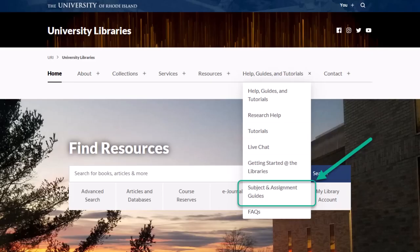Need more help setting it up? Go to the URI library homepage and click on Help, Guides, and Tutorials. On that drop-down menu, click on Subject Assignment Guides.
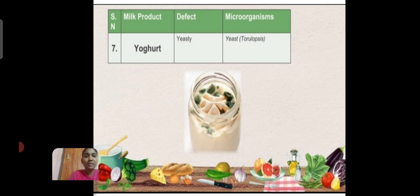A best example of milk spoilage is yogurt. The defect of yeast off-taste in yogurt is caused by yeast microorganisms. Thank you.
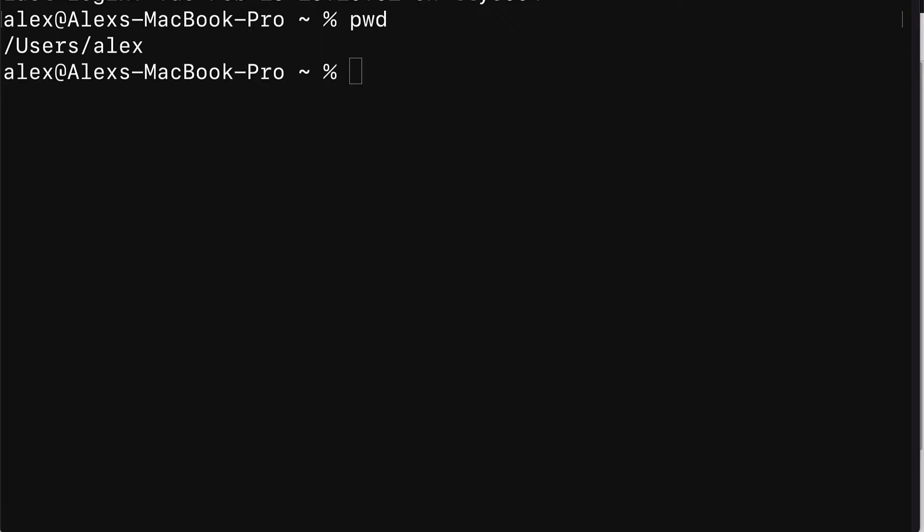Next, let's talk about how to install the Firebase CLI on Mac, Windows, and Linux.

********************

Your objective — Transcribe the whole listing above exactly and leave out the pictures.

Reply to the exercise —
Need more help setting it up? Go to the URI library homepage and click on Help, Guides, and Tutorials. On that drop-down menu, click on Subject Assignment Guides.
A best example of milk spoilage is yogurt. The defect of yeast off-taste in yogurt is caused by yeast microorganisms. Thank you.
Next, let's talk about how to install the Firebase CLI on Mac, Windows, and Linux.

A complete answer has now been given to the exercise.